Il n’y aura donc pas de ministère de l’Intégration. Selon nos informations, Jean-Marc Ayrault, qui pilote depuis des mois une «refondation» sur ce sujet, a tranché : il doit annoncer la création d’un commissariat général, ou haut-commissariat, consacré à l’intégration, à la lutte contre les discriminations et à l’égalité la semaine prochaine. Ainsi qu’une batterie de mesures concrètes. La nouvelle entité devrait être pilotée par un haut fonctionnaire placé sous l’autorité du Premier ministre. L’autre hypothèse consistant à y placer un ministre, et de préférence un poids lourd, a été écartée. Tout comme la solution de replacer l’intégration sous l’égide de Marisol Touraine, la ministre des Affaires sociales, selon le schéma qui existait avant que Nicolas Sarkozy fasse basculer l’ensemble des sujets liés aux étrangers vers le ministère de l’Identité nationale en 2007 (supprimé en 2010). Un schéma prolongé par Manuel Valls à son arrivée à l’été 2012, malgré une forte pression des associations qui, estimant que celui qui expulse ne peut pas être celui qui intègre, espéraient que l’immigration sortirait du périmètre de l’Intérieur.

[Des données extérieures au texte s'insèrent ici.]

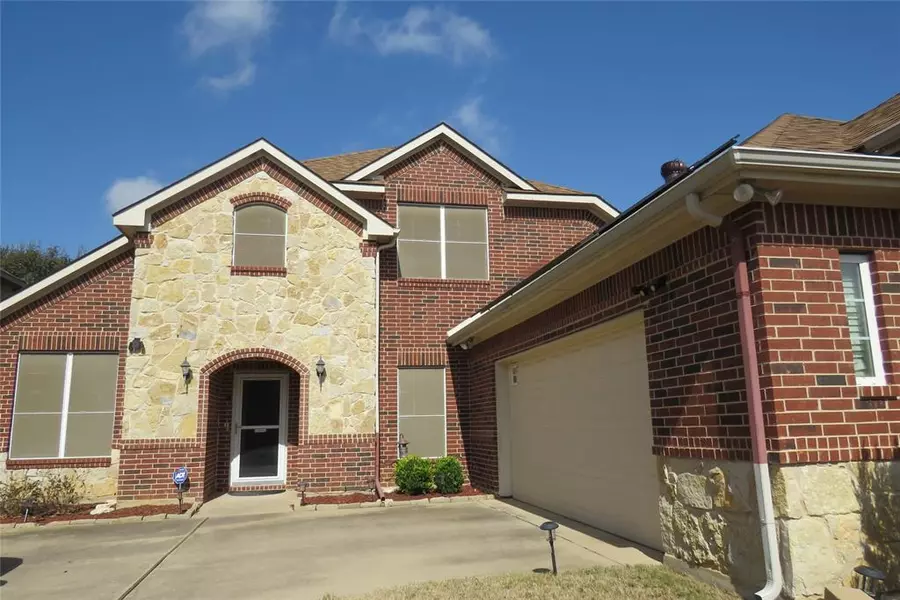 313 Hidden Lake Court, Burleson, TX 76028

Cette nouvelle structure sera alimentée par des fonds en provenance de plusieurs ministères, dont l’Emploi, le Logement, la Ville, l’Education et l’Intérieur. «Pour rétablir l’égalité, il n’est pas nécessaire de créer des dispositifs spécifiques mais d’assurer l’accès à tous aux politiques de droit commun», indique Matignon. Soit un schéma qui ressemble furieusement à la défunte Halde, la Haute Autorité de lutte contre les discriminations et pour l’égalité.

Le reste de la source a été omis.